We first plot the vector field of the modified ODEs in the phase plane.

library(ggplot2)
hill_inh <- function(X,Xth,n) {
  a = (X/Xth)**n
  return(1/(1+a))
}

derivs_ts_revised <- function(t, Xs) {
  X = Xs[1]
  Y = Xs[2]
  dxdt = -(5 + 50 * hill_inh(Y, 100, 4) - 0.1 * X)
  dydt = -(4 + 40 * hill_inh(X, 150, 4) - 0.12 * Y)
  return(c(dxdt, dydt))
}

X_all = seq(0, 600, by=20)   # all X grids
Y_all = seq(0, 650, by=20)   # all Y grids
XY_all = expand.grid(X_all, Y_all)   # all combinations of X and Y

results_unit = t(apply(XY_all, MARGIN=1, function(Xs) {
  v = derivs_ts_revised(0, Xs)
  v_norm = v / sqrt(v[1]**2 + v[2]**2)
  return(c(Xs, v_norm))})) # generate all vector field data
colnames(results_unit) = c("X", "Y", "dX", "dY")

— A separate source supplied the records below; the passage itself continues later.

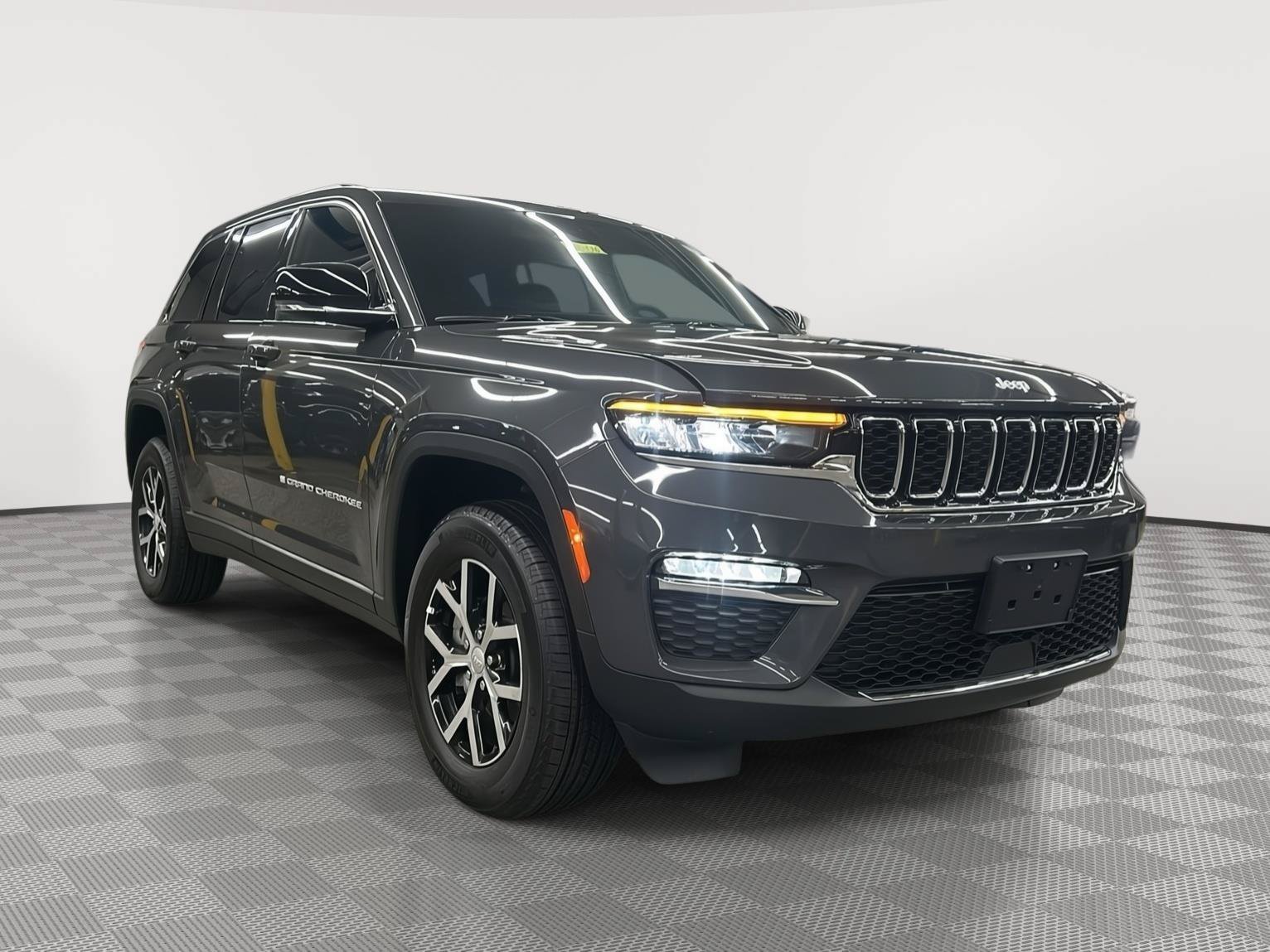 Used 2025 Jeep Grand Cherokee Limited AWD/4WD image 3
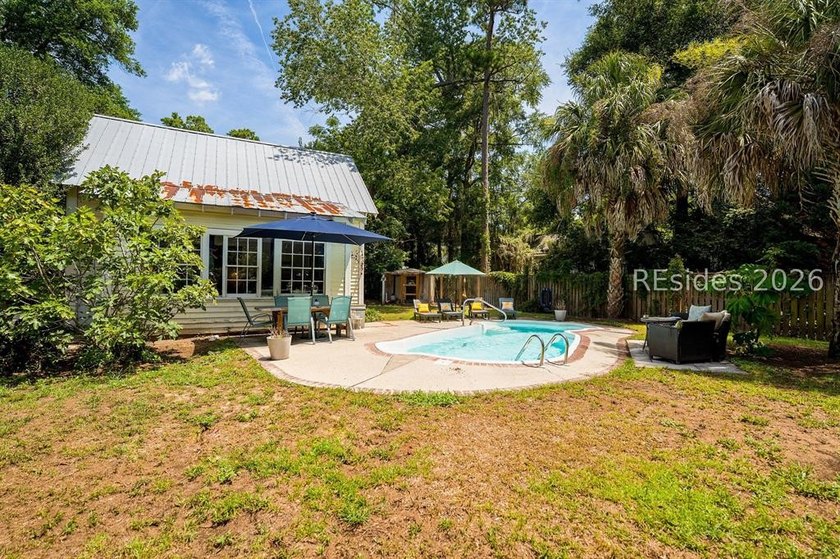 Charming 1940s ranch full of character, featuring spacious front - photo 32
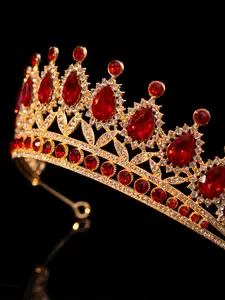 Elegant Crystal Bridal Crown Headpiece, Perfect for Weddings Parties Events, Sparkling Hair Accessory for Special Occasions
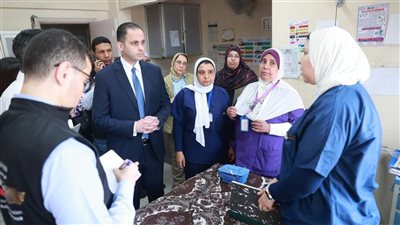 نائب وزير الصحة يجري جولة مفاجئة بالإسكندرية ويحيل المتغيبين والمسؤولين للتحقيق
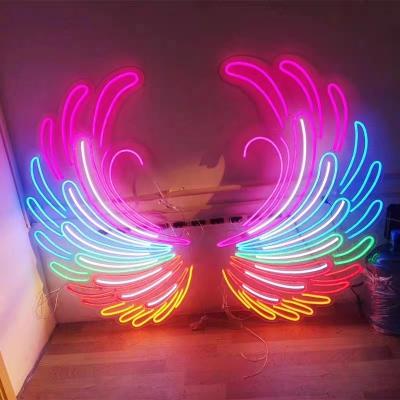 China Big Angel Wings Neon Sign Opvallend Feest Decoratie met Marquee Letters Te koop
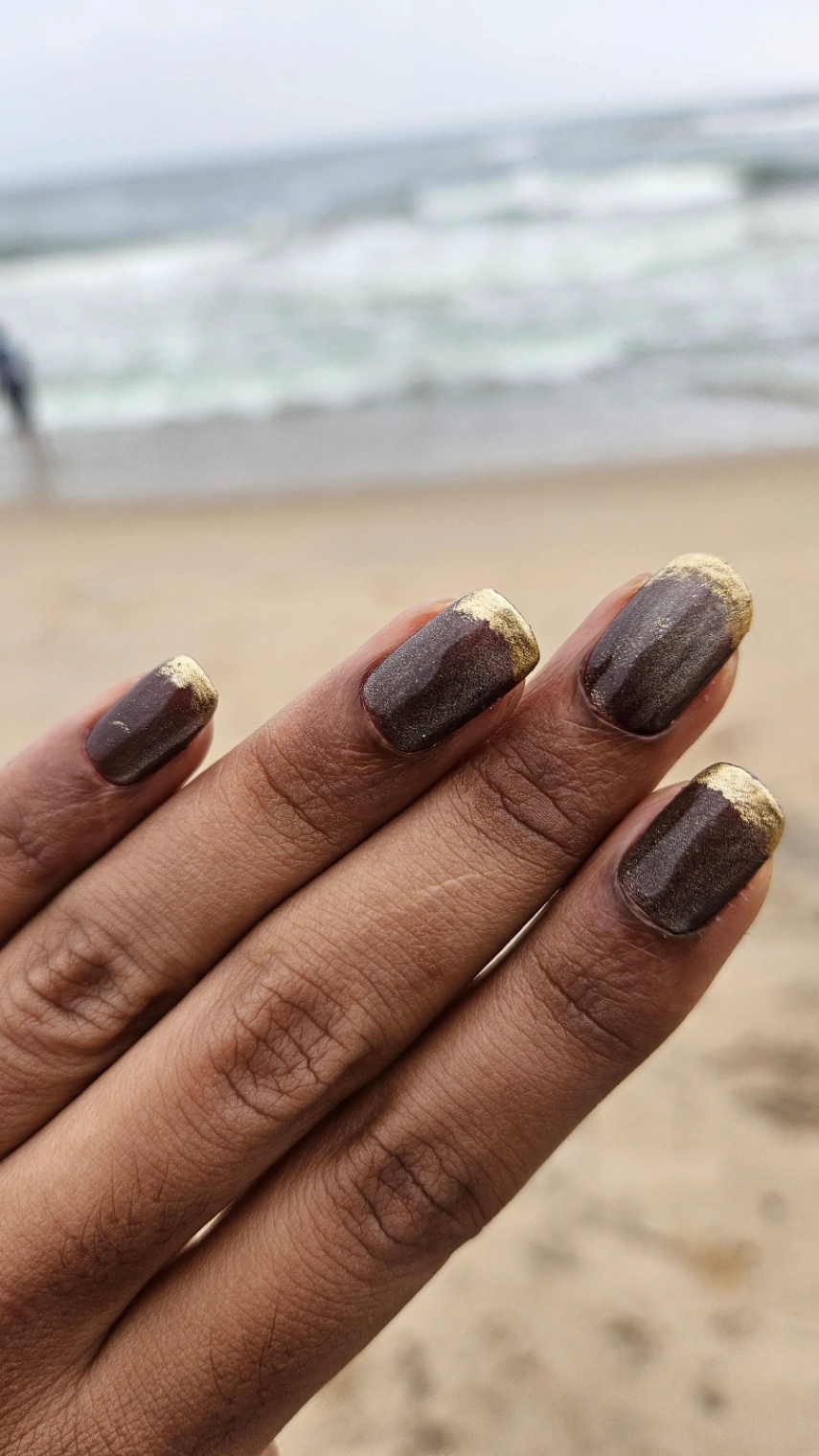 Bharathis_day_with_nails gallery image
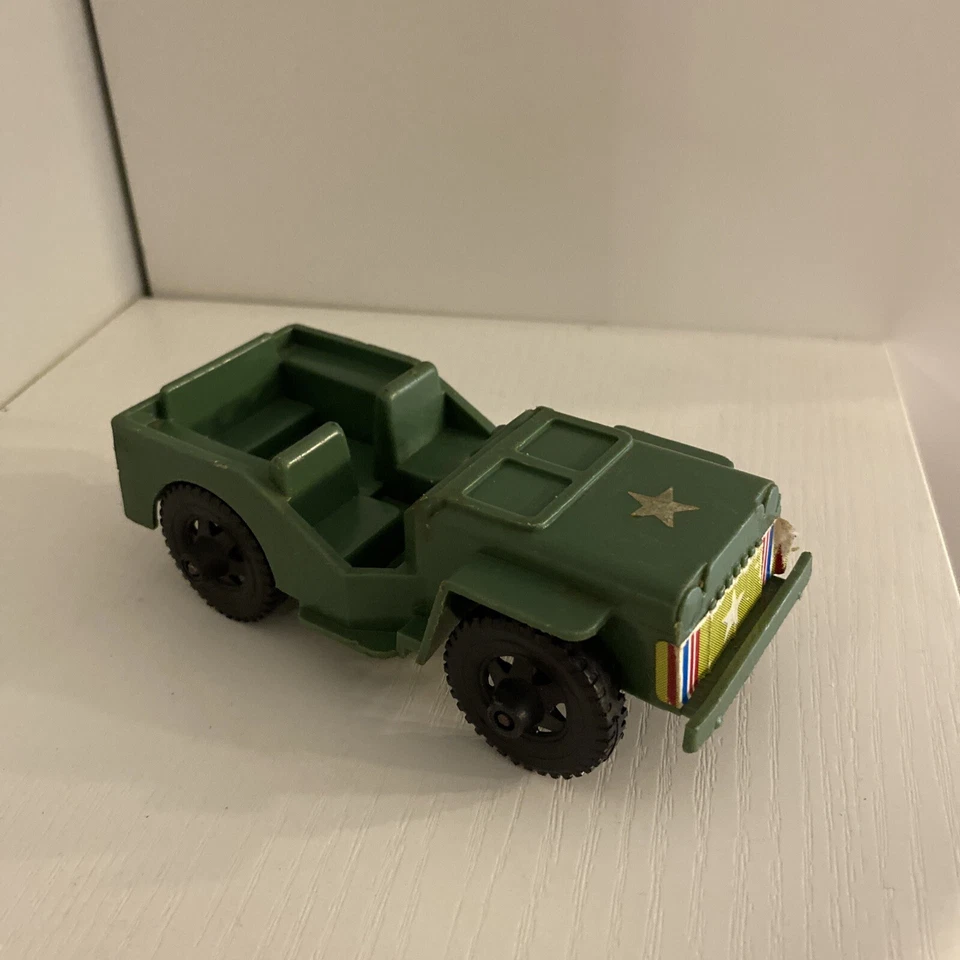 VINTAGE TIM- MEE TOYS ARMY JEEP HARD PLASTIC 5 INCH AURORA ILL. USA - Image 2 of 4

p1 = ggplot(data=as.data.frame(results_unit), aes(x=X, y=Y)) + 
  geom_segment(aes(xend=X+20*dX, yend=Y+20*dY), arrow = arrow(length = unit(0.05,"in")))
p1

Now, the middle stead state remains a saddle point. But instead of being “repulsive”, the vectors point towards the middle steady state along the direction of the three steady states. Once reaching the steady state, the vectors point outwards along the boundary, which is the separatrix. Thus, we can sample points around the saddle point as the initial conditions for the modified ODEs to numerical obtain the separatrix.

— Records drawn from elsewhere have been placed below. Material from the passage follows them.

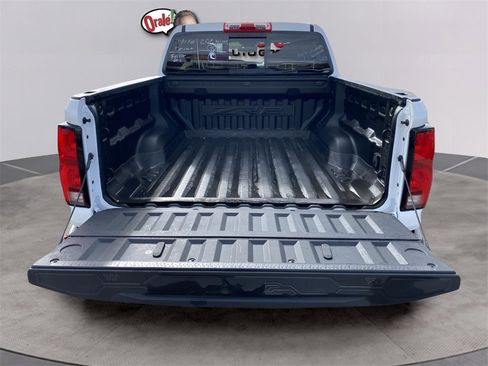 Used 2024 Chevrolet Colorado ZR2 w/ Technology Package image 19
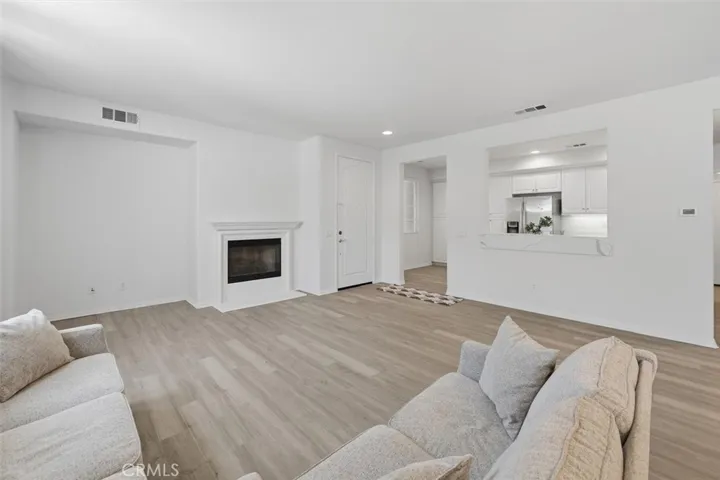 19324 Opal Lane, Saugus, California 91350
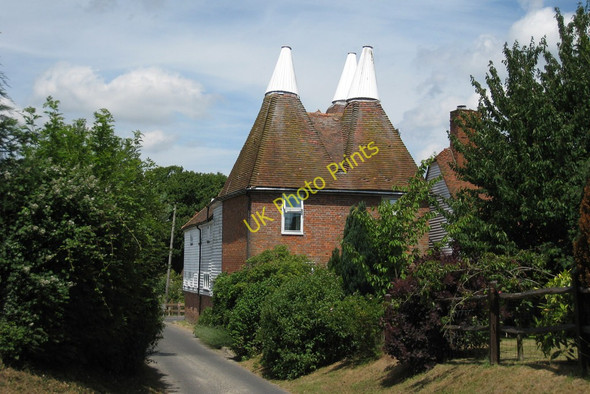 Photo 6"x4" The Oast, Four Wents Farm, Goudhurst Road, Cranbrook, Kent Flishinghurst c2010
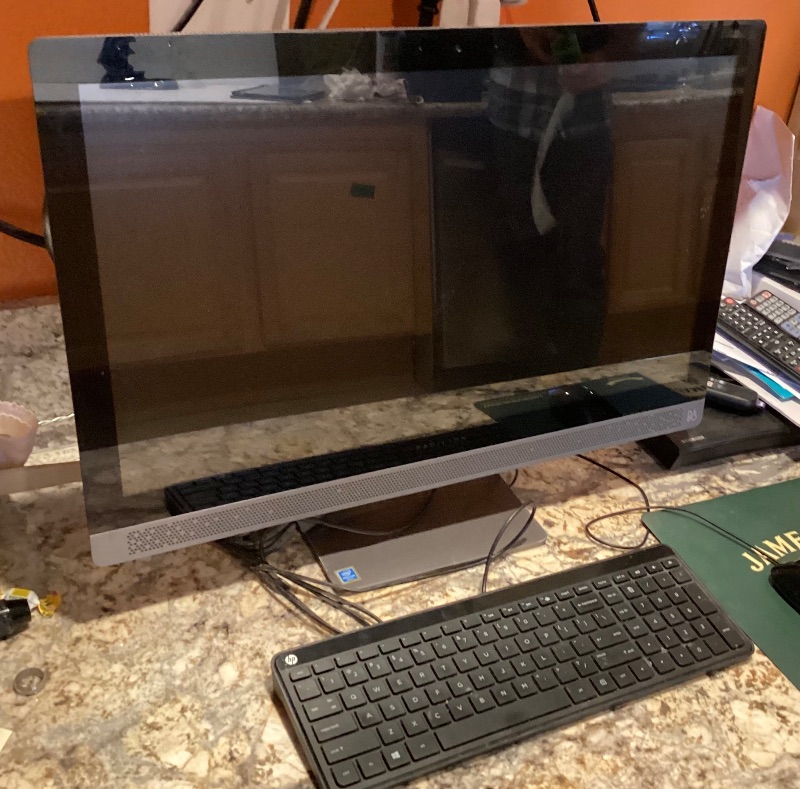 Photo 1 of HP PAVILION 27-a000 SERIES ALL-IN- ONE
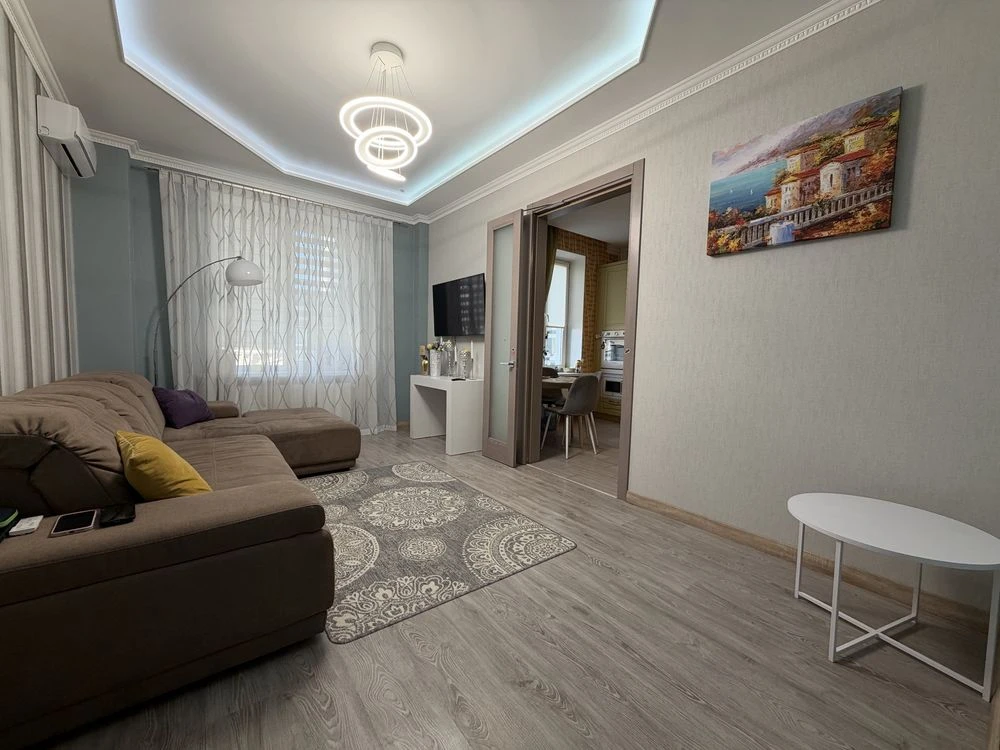 ‼️ New building. Three-room apartment. Center of the city. 4 floors.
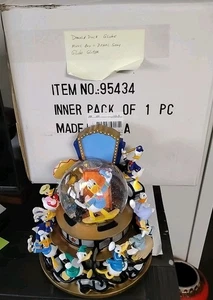 Raro mappamondo di neve Disney Paperino attraverso gli anni "Donald Duck Song" funzionante! - Foto 1 di 11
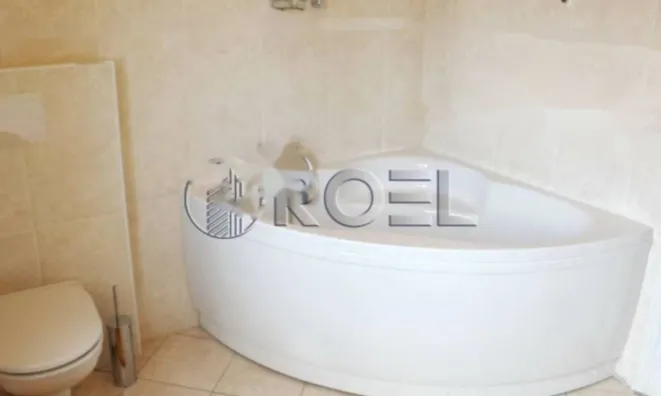 Недвижимость Трехкомнатная квартира Центр: 4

# 4th order Runge-Kutta (RK4) for a generic multi-variable system
RK4_generic <- function(derivs, X0, t.total, dt, ...){
  # derivs: the function of the derivatives 
  # X0: initial condition, a vector of multiple variables
  # t.total: total simulation time, assuming t starts from 0 at the beginning
  # dt: time step size 
  t_all = seq(0, t.total, by=dt)
  n_all = length(t_all)
  nx = length(X0)
  X_all = matrix(0, nrow = n_all, ncol = nx)
  X_all[1,] =  X0
  for (i in 1:(n_all-1)) {
    t_0= t_all[i]
    t_0.5 = t_0 + 0.5*dt
    t_1 = t_0 + dt
    k1 = dt * derivs(t_0,X_all[i,],...)
    k2 = dt * derivs(t_0.5,X_all[i,] + k1/2,...)
    k3 = dt * derivs(t_0.5,X_all[i,] + k2/2,...)
    k4 = dt * derivs(t_1,X_all[i,] + k3,...)
    X_all[i+1,] = X_all[i,] + (k1+2*k2+2*k3+k4)/6
  }
  return(cbind(t_all, X_all))   # the output is a matrix of t & X(t) for all time steps
}

derivs_ts_orig <- function(t, Xs) {
  X = Xs[1]
  Y = Xs[2]
  dxdt = 5 + 50 * hill_inh(Y, 100, 4) - 0.1 * X
  dydt = 4 + 40 * hill_inh(X, 150, 4) - 0.12 * Y
  return(c(dxdt, dydt))
}

set.seed(77)   # set the seed for the random number generator, remove this line to generate more random initial conditions
t.total = 100
dt  = 0.01
X_range = c(0,600)
Y_range = c(0,650)

# Simulations of the original system
X_init_1 = array(runif(20, 0, 600), dim = c(10,2)) # generate 10 random initial conditions
for(i in seq_len(nrow(X_init_1))){
  results = RK4_generic(derivs_ts_orig, X_init_1[i,], t.total, dt)
  colnames(results) = c("t", "X", "Y")
  p1 = p1 + geom_path(data=as.data.frame(results), aes(x=X, y=Y), color = "blue")
}

# Simulation to find separatrix
X_init_2 = array(runif(20, -1, 1), dim = c(10,2)) # generate 10 random initial conditions
for(i in seq_len(nrow(X_init_2))){
  X_init = X_init_2[i,] + c(189.96888, 126.64398)
  results = RK4_generic(derivs_ts_revised, X_init, t.total, dt)
  results = results[which(((results[,2] - X_range[1])*(results[,2] - X_range[2]) <0) &
          ((results[,3] - Y_range[1])*(results[,3] - Y_range[2]) < 0)),] # filter points outside of the plotting area
  colnames(results) = c("t", "X", "Y")
  p1 = p1 + geom_path(data=as.data.frame(results), aes(x=X, y=Y), color = "red")
}

p1 + xlim(0, 600) + ylim(0, 650)
## Warning: Removed 124 rows containing missing values (geom_segment).

In the above plot, the trajectories representing the separatrix (red) are shown together with the vector field of the modified ODEs (black) and the trajectories of the original ODEs (blue). We can observe that the blue lines never go across the red line.